Looking to catch up on your reading during Golden Week? Here are three books to understand yourself, your co-workers, and your future (by looking at the past).
The Ideal Team Player: How to Recognize and Cultivate The Three Essential Virtues
Author: Patrick M. Lencioni; Recommended by Kenya Yoshino
Have you ever just wanted to figure out exactly what is going on with your team? For example, perhaps each member is talented, motivated, and/or has a great personality, but your team just doesn’t get along or come together. Well, this is the book to read to find out why teamwork is not as prevalent as you want. Or from a recruiting perspective, you can find out how to hire an ideal team player.
Patrick Lencioni shares three adjectives that describe the ideal team player: humble, hungry, and smart. It sounds so obvious, yet insightful. These are the three virtues you need to develop in your members and what you need to look into for your next candidates.
In many cases, people who are not humble, hungry, or smart do not realize their situation, or they (unconsciously) hide these qualities in front of their supervisor or potential employer during an interview. Lencioni explains these virtues in detail, using a story of a young CEO who happened to take over his uncle’s construction company. The company was not in perfect condition, and the young CEO struggled to make it through by figuring out the real virtues that a team player possesses.
An ideal team player must have all three virtues. It doesn’t work if you only have one or two of them. If you are only humble and hungry, you could be an accidental mess maker. They mean well but could rub people the wrong way. If you are only humble and smart, you could be a lovable slacker. They just can’t get the things done! If you are someone who is only hungry and smart, you could be a skillful politician. They can be dangerous people to hire or keep you company.

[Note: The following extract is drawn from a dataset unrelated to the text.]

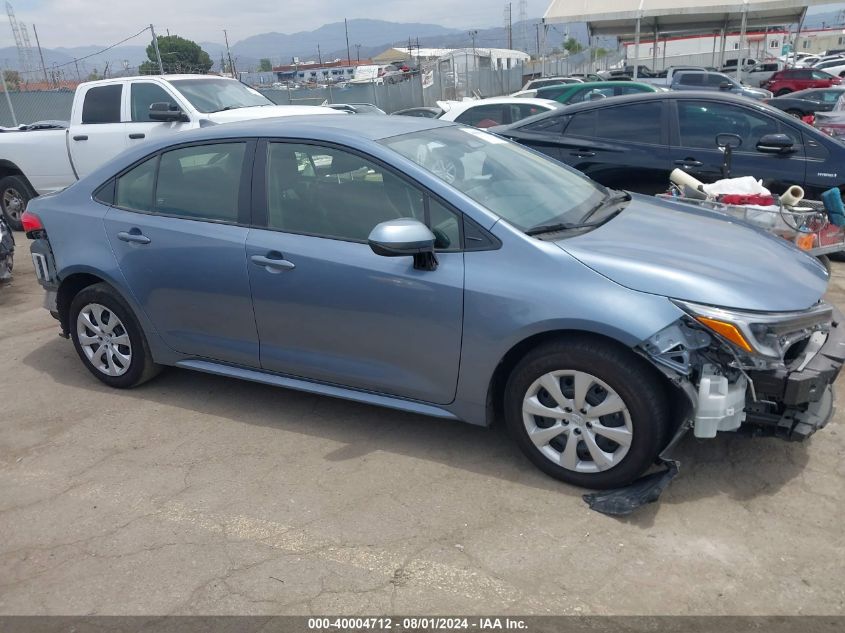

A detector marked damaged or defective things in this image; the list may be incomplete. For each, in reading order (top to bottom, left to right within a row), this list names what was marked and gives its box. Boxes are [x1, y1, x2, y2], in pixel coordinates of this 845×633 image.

We want sufficiently humble, hungry and smart people. These points are quite obvious, but the best part of the book is that Lencioni also gives practical advice on how to seek out these three virtues from a candidate in an interview, or develop them in your own team members.

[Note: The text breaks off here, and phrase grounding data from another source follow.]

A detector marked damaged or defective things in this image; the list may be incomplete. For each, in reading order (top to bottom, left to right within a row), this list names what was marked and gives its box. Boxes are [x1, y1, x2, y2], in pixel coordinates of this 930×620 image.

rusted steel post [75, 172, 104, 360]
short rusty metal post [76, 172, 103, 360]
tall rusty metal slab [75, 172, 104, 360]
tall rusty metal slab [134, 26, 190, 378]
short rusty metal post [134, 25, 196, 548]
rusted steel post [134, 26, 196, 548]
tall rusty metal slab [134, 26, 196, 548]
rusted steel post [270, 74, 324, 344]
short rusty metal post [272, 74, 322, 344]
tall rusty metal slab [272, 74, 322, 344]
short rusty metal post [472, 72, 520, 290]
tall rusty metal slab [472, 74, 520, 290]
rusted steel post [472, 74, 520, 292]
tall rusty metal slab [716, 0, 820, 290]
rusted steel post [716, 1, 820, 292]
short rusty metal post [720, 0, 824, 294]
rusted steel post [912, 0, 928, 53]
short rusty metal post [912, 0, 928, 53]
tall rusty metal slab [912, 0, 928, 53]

A very easy to read yet deep insights which you can apply right at work with your team members. Enjoy the read!
Breaking Through Gridlock: The Power of Conversation in a Polarized World
Auhor: Jason Jay and Gabriel Grant; Recommended by Tsuyoshi Shimada
“Why don’t you understand me?” is the Japanese title for this book and it is an apt one. Many people worry about why they are not understood, but this doesn’t mean that the other person is wrong. Actually, you yourself may be mired in stereotypes, which can often lead to conflict. This book provides hints to help us reflect and change ourselves, helping to resolve conflicts and even trigger innovation. A key phrase I found interesting is “dynamic authenticity.” Otto Scharmer’s famous “Theory U” is also discussed. Changing yourself is not easy, but this book makes it easier with some helpful exercises. This book will give you some stimulus to help you become a new person.
Homo Deus: A Brief History of Tomorrow and Sapiens: A Brief History of Humankind
Author: Yuval Noah Harari; Recommended by Toru Takahashi
This is a book we need to read now. Human beings will be facing the huge changes due to evolving technologies including artificial intelligence, genetic medicine, etc. The bigger the change in the future, the more we must learn from the great flow of the history. During Golden Week, please enjoy the great spectacle of human beings in all our history. You will find why we have become like we are today by learning the essence of the progress of human beings. We should take a moment to think about who we are, which will give us great insight for our future! Wise men learn from history!